Last Thursday night, four male passengers, all members of the haredi community, refused to take seats assigned to them after they discovered that they had been seated next to female passengers.

Claiming that their religious beliefs required that they be seated away from female passengers, the four men demanded that special accommodations be made in their case.

Despite orders by one of the flight attendants that the four men take their assigned seats, the flight was ultimately delayed by more than an hour, with the dispute only being resolved after several women agreed to change seats.

The incident drew heavy criticism, including from Barak Eilam, the CEO of NICE Systems, an analytics software company.

In a social media post, Eilam vowed to cut any and all business ties with El Al and to boycott the airline until the airline banned “actions discriminating [against] women”.

“At NICE we don’t do business with companies that discriminate against race, gender or religion. NICE will not fly EL Al Israel Airlines until they change their practice and actions discriminating women.”

In response to Eilam’s post, El Al CEO Gonen Usishkin criticized the Nice Systems chief’s comments, and emphasized that El Al had adopted clear guidelines in the way wake of last week’s incident to prevent similar occurrences in the future.

“The post by the NICE CEO was made without a thorough check of the facts, and I explained that to him in a conversation,” Usishkin said, according to a report by Channel 10.

“EL Al’s employees who handled the incident did so with the necessary sensitivity.
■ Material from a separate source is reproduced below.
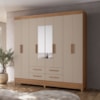 Guarda Roupa Casal Espelho 8P 204 cm Florida Carvalho Fendi Moval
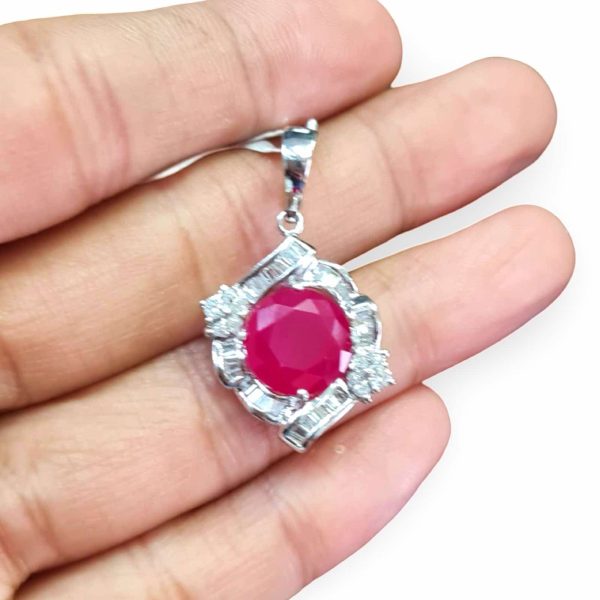 NEW Round Ruby Gemstone Diamond Pendant 18kt Online now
Everyone who flies with the national airline feels the values the company was founded on: an egalitarian company which does not discriminate based on religion, race, or sex.”

Usishkin added that he had released a new directive, requiring that in the future, passengers who refuse their assigned seats will be immediately removed from the flight.

“For the sake of clarity, today I ordered that the regulations be clarified on this matter, and that in the future, any passenger who refuses to sit next to another passenger will be immediately removed from the flight.”

One year ago, an Israeli court ruled that El Al cannot ask women to move seats to accommodate a man who does not want to sit next to a woman. Renee Rabinowitz, 83, a retired lawyer who made aliyah more than a decade ago and had been visiting family in the United States, agreed to switch her seat in business class on a December 2015 flight from Newark, New Jersey, to Israel. A flight attendant offered Rabinowitz a better seat closer to first class.

The judge in the case ruled the airline must declare it forbidden for a crew member to ask a passenger to change seats at the request of another passenger based on gender. El Al agreed to tell its cabin staff in writing about the prohibition and provide training on how to deal with such situations.